The results of this study show that withanolides could be promising candidates for targeting the EP2 receptor in endometrial cancer. Looking at their drug-like properties, all three compounds, withanolide D (lig1), withaferin A (lig2), and withanone (lig3), performed well. Their molecular weights were within the drug-likeness threshold (470–486 g/mol) and they had acceptable numbers of hydrogen bond donors and acceptors. The lipophilicity values (MlogP 2.75, 1.95, and 2.75) suggest that these compounds are moderately hydrophobic, which is a sweet spot for oral absorption. Interestingly, lig2 was slightly more polar, which may reduce passive diffusion but could improve solubility. All three scored 0.55 for oral bioavailability, pointing to a good chance of achieving effective blood levels if developed as oral drugs. The ADMET screening gave more encouraging insights.

Their lipophilicity scores (LogP 2.64–3.39) fall into the optimal range for drug molecules. Each showed high gastrointestinal absorption, no penetration across the blood–brain barrier, and, importantly, no inhibition of cytochrome P450 enzymes—meaning fewer chances of drug–drug interactions. Solubility was moderate (LogS −3.20 to −4.00), which is not unusual for natural compounds and could be improved with formulation strategies. Overall, these pharmacokinetic features line up with what is typically seen in successful natural product-based drugs.

The toxicity analysis showed some disparities. Lig2 (withaferin A) was classified as toxicity Class II, meaning it can be fatal if swallowed at high doses, while lig1 and lig3 were in Class III, which is still toxic but less severe. While this indicates a red flag, it is important to note that many anticancer agents fall into similar categories; patient-dependent dose management is crucial. None of the compounds were predicted to be mutagenic, carcinogenic, or hormonally disruptive, which is a major strength for further development.

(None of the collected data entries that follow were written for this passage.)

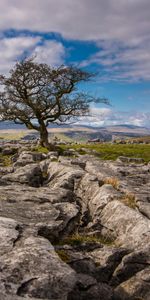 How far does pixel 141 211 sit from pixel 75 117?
174ft

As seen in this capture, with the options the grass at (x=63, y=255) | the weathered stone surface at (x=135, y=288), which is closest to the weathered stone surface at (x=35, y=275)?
the grass at (x=63, y=255)

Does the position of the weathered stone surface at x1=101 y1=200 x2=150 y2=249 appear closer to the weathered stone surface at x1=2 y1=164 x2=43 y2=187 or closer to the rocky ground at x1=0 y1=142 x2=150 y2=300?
the rocky ground at x1=0 y1=142 x2=150 y2=300

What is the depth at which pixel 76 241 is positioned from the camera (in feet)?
61.0

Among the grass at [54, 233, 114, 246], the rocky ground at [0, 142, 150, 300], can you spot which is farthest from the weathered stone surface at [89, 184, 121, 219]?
the grass at [54, 233, 114, 246]

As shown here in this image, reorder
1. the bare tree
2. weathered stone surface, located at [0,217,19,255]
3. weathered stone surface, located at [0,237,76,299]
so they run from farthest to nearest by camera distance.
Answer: the bare tree
weathered stone surface, located at [0,217,19,255]
weathered stone surface, located at [0,237,76,299]

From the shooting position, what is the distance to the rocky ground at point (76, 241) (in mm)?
11664

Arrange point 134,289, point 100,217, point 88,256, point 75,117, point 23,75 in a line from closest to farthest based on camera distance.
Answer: point 134,289 → point 88,256 → point 100,217 → point 23,75 → point 75,117

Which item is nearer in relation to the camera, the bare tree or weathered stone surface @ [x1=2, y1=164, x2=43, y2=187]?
weathered stone surface @ [x1=2, y1=164, x2=43, y2=187]

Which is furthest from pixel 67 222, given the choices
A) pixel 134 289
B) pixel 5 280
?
pixel 5 280

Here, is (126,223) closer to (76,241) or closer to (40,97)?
(76,241)

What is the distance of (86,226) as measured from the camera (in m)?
22.8

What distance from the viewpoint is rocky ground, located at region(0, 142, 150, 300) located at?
1166 centimetres

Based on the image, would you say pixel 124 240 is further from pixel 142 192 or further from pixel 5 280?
pixel 5 280

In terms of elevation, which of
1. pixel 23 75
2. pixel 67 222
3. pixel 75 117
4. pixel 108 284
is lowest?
pixel 108 284
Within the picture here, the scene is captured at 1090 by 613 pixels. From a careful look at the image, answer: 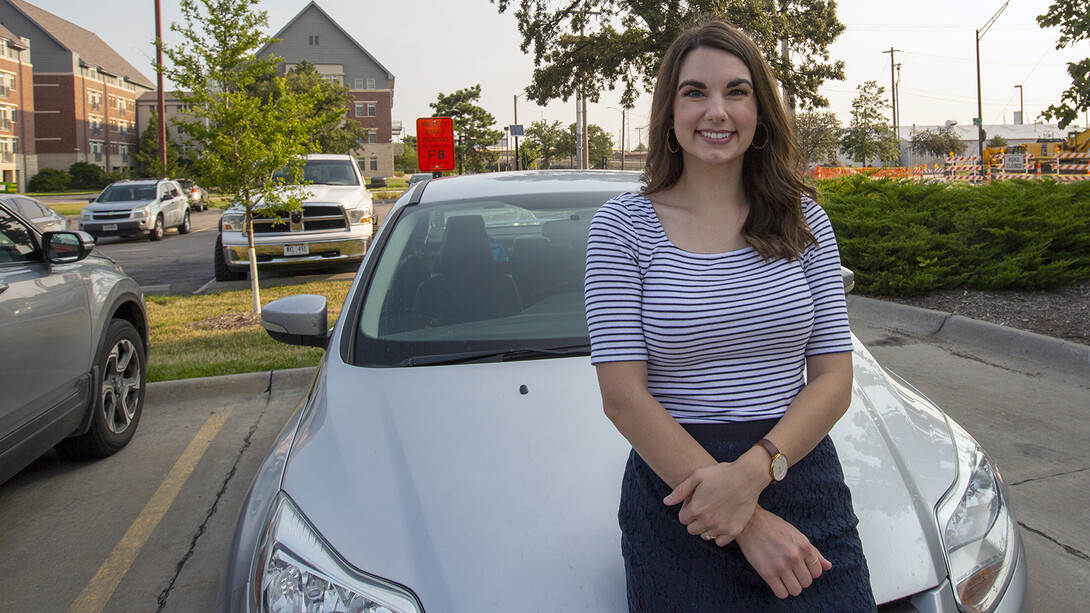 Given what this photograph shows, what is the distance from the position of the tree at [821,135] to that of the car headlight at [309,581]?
3619 centimetres

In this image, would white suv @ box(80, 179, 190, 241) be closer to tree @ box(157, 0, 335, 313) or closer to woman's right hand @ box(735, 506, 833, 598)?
tree @ box(157, 0, 335, 313)

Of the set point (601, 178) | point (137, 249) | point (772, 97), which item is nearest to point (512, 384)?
point (772, 97)

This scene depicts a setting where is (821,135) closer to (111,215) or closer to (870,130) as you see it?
(870,130)

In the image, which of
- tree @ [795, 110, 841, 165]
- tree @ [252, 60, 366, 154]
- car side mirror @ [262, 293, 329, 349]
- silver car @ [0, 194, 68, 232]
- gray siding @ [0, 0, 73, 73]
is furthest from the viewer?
gray siding @ [0, 0, 73, 73]

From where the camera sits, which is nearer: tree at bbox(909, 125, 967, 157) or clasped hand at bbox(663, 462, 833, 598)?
clasped hand at bbox(663, 462, 833, 598)

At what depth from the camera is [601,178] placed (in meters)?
3.64

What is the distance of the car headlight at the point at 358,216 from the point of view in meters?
11.4

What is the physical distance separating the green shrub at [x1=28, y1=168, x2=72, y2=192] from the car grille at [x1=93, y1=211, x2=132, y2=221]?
41.7 metres

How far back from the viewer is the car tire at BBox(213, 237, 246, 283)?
11.4 metres

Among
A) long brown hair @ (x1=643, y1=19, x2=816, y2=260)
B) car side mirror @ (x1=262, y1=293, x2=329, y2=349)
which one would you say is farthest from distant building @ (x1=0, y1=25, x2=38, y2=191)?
long brown hair @ (x1=643, y1=19, x2=816, y2=260)

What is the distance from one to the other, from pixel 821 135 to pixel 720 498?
39.3 metres

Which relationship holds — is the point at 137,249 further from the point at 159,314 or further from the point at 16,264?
the point at 16,264

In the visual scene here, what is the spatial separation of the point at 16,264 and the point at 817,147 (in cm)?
3783

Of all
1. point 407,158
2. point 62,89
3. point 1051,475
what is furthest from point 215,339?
point 407,158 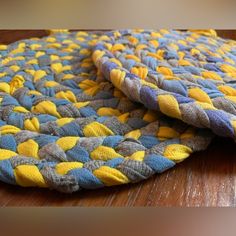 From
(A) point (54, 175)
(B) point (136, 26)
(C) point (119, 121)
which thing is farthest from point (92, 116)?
(B) point (136, 26)

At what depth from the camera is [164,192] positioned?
43 centimetres

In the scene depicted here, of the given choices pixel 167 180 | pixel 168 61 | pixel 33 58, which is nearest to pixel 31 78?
pixel 33 58

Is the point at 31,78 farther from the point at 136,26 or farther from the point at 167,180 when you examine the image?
the point at 136,26

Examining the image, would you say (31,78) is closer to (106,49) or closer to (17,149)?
(106,49)

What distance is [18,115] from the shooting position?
559 millimetres

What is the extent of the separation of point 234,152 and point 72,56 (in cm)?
45

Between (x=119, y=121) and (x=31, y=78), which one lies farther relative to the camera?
(x=31, y=78)

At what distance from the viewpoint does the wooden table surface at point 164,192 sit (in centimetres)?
41

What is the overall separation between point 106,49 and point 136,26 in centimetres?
52

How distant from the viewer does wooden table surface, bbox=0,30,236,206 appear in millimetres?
414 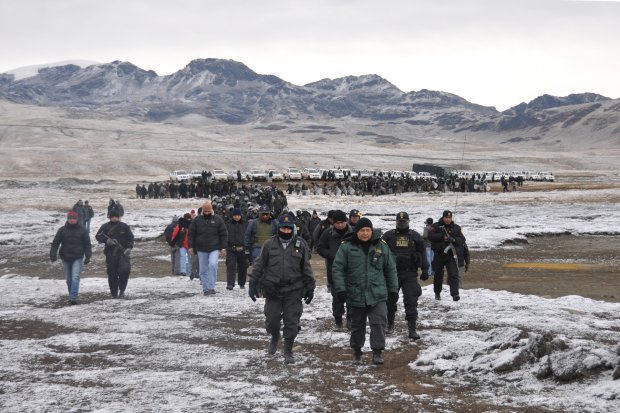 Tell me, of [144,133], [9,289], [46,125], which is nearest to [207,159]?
[144,133]

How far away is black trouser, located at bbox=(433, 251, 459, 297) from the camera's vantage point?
1157 cm

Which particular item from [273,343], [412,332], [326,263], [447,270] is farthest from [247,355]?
[447,270]

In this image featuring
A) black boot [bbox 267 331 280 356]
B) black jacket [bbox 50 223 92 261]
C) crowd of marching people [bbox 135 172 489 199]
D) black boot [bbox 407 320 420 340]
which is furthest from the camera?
crowd of marching people [bbox 135 172 489 199]

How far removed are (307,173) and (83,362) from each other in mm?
65567

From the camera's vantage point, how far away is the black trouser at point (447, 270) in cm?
1157

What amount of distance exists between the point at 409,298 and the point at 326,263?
1.84 m

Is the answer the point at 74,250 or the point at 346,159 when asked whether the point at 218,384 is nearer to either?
the point at 74,250

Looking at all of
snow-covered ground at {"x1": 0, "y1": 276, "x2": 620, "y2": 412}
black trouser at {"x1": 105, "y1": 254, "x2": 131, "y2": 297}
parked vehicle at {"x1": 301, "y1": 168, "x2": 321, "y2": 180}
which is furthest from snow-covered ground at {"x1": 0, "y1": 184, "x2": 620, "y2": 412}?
parked vehicle at {"x1": 301, "y1": 168, "x2": 321, "y2": 180}

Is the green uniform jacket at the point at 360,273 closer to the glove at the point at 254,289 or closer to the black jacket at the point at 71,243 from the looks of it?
the glove at the point at 254,289

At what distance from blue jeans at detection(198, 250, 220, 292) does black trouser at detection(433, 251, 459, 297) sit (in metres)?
4.09

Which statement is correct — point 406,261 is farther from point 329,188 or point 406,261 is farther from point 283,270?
point 329,188

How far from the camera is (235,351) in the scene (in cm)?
843

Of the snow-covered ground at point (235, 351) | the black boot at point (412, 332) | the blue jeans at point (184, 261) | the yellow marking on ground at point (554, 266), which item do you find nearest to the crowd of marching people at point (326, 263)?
the black boot at point (412, 332)

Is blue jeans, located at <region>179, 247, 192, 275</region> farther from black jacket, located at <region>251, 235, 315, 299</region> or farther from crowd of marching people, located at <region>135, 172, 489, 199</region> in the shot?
crowd of marching people, located at <region>135, 172, 489, 199</region> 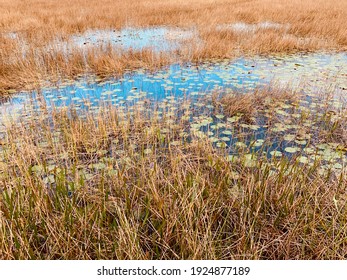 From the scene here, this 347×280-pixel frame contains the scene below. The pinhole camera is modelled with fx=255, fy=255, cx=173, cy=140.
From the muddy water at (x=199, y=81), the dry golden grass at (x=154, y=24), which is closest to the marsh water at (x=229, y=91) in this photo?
the muddy water at (x=199, y=81)

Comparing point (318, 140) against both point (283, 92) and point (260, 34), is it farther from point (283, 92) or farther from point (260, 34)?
point (260, 34)

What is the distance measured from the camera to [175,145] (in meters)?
3.34

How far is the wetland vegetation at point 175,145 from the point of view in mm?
1990

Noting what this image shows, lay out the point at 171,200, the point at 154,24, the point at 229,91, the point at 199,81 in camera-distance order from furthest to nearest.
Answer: the point at 154,24, the point at 199,81, the point at 229,91, the point at 171,200

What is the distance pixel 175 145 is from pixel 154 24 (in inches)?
414

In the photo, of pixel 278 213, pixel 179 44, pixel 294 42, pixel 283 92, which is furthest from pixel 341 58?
pixel 278 213

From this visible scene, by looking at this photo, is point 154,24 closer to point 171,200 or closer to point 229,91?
point 229,91

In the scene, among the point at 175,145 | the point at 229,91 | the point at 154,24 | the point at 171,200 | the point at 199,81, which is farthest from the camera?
the point at 154,24

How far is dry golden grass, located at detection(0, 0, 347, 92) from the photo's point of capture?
21.6 ft

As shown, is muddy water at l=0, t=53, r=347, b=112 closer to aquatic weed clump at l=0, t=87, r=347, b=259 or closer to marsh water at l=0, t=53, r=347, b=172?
marsh water at l=0, t=53, r=347, b=172

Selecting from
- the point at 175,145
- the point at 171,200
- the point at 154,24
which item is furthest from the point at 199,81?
the point at 154,24

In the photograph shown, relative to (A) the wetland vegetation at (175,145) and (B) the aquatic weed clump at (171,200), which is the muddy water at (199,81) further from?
(B) the aquatic weed clump at (171,200)

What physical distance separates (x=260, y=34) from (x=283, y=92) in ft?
18.2

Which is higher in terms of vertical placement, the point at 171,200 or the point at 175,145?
the point at 171,200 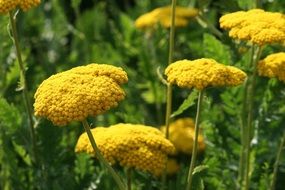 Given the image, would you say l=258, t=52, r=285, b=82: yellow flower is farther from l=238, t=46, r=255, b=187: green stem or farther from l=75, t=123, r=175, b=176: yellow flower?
l=75, t=123, r=175, b=176: yellow flower

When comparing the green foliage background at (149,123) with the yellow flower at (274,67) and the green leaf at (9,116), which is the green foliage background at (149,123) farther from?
the yellow flower at (274,67)

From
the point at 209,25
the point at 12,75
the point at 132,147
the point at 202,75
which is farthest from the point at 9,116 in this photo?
the point at 202,75

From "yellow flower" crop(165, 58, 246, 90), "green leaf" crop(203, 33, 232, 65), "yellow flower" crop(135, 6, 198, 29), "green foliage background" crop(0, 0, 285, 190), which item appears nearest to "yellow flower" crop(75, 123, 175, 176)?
"green foliage background" crop(0, 0, 285, 190)

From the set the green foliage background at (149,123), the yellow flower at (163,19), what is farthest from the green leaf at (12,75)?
the yellow flower at (163,19)

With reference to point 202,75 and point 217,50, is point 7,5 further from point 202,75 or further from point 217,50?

The docking studies revealed that the reference drug PF-04418948 bound to the EP2 receptor with an affinity of −9.6 kcal/mol, but all three withanolides bound much more strongly: −12.6 kcal/mol for lig1, −12.0 for lig2, and −11.3 for lig3. These higher scores suggest that withanolides may be even more effective inhibitors than the known antagonist. A closer look at the binding sites revealed that the compounds were found to interact with key residues, such as, VAL89, LEU298, SER305, and MET31, which are essential for the antagonist activity of the EP2 receptor enzyme—especially SER305 and MET31—[31]. that are critical for blocking EP2 activity [31]. Lig1, in particular, showed multiple stabilizing interactions, which may explain its best performance.

5. Conclusions

Altogether, these findings suggest that withanolides—especially withanolide D—strike a valuable balance of drug-likeness, manageable toxicity, and strong inhibitory potential against the EP2 receptor. Since EP2 is implicated in tumor progression, angiogenesis, and immune evasion, blocking it could open up new therapeutic avenues with regard to endometrial cancer. While laboratory and clinical studies are still needed to validate these results, our computational approach offers an early but strong case for withanolides as affordable and effective candidates for targeted cancer therapy.